What you will do »
Once the line holding "Consolle DJ Pioneer" is found in the entries below, transcribe exactly every line up to and including the one holding "Martin Silva no", but leave out the pictures.

Material shown »
=======

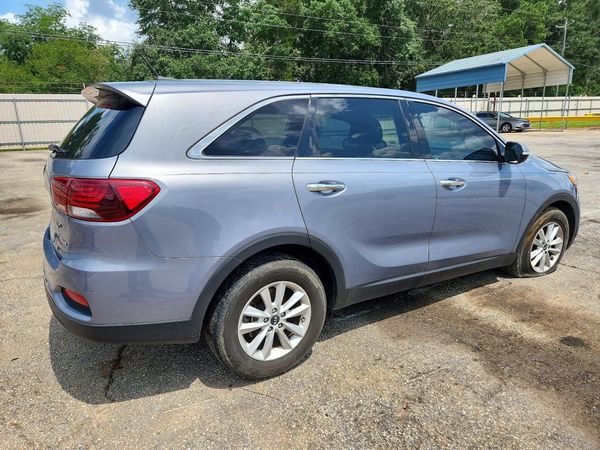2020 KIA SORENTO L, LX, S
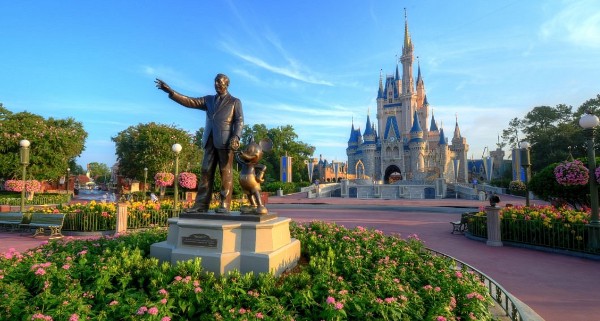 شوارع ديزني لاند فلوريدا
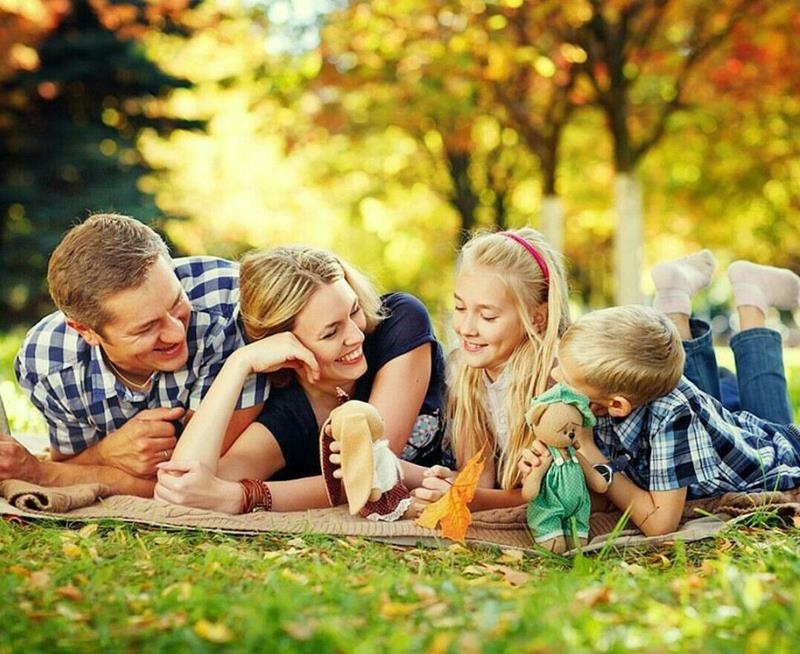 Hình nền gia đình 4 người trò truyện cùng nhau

=======

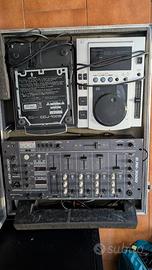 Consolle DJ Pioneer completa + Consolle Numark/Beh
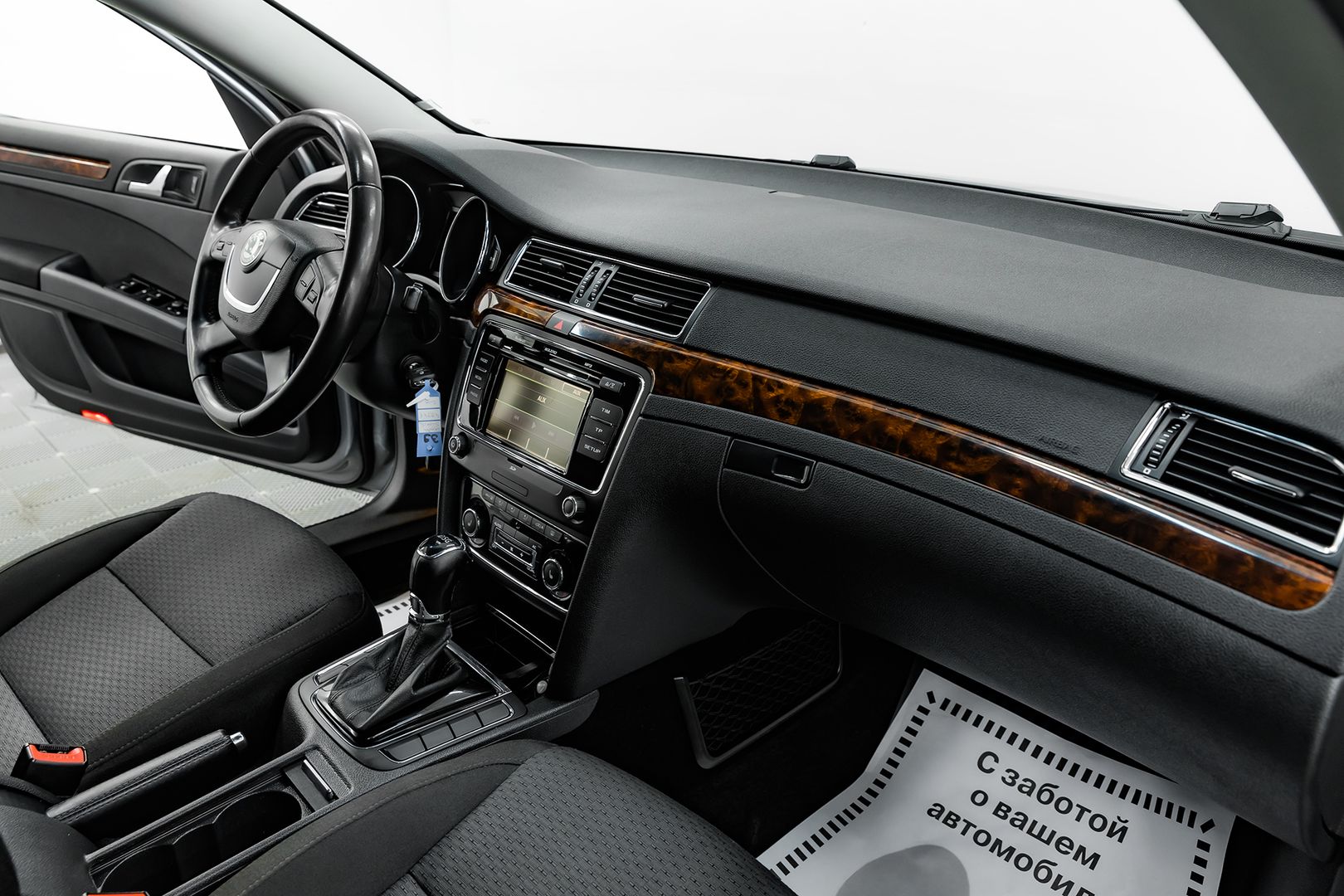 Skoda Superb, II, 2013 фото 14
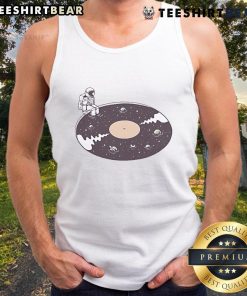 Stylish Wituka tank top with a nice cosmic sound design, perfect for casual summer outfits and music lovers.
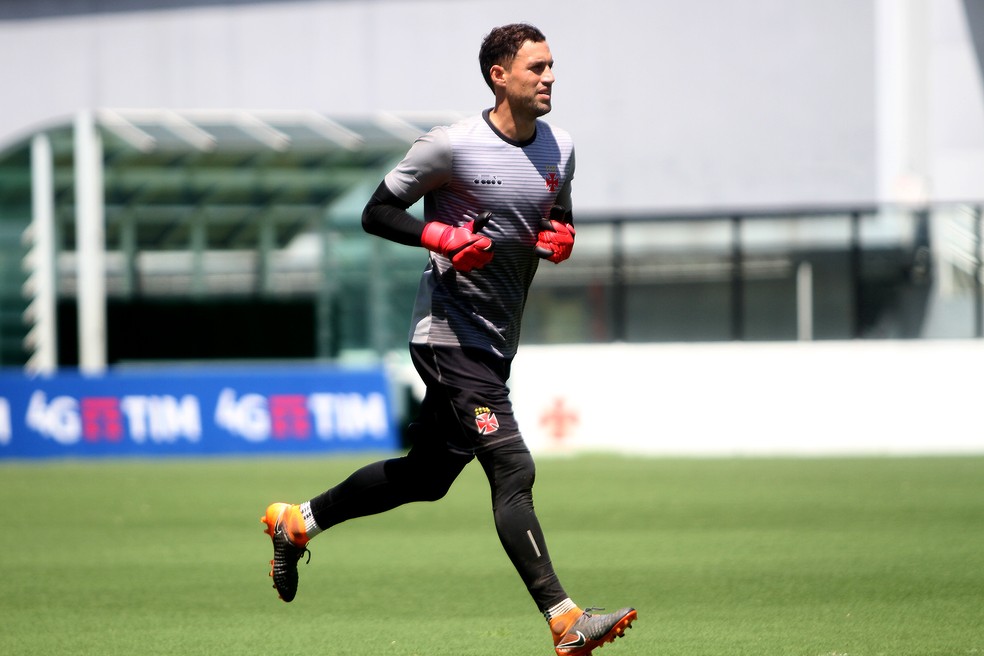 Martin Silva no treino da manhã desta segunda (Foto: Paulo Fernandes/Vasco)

=======

Exercise response »
 Consolle DJ Pioneer completa + Consolle Numark/Beh
 Skoda Superb, II, 2013 фото 14
 Stylish Wituka tank top with a nice cosmic sound design, perfect for casual summer outfits and music lovers.
 Martin Silva no treino da manhã desta segunda (Foto: Paulo Fernandes/Vasco)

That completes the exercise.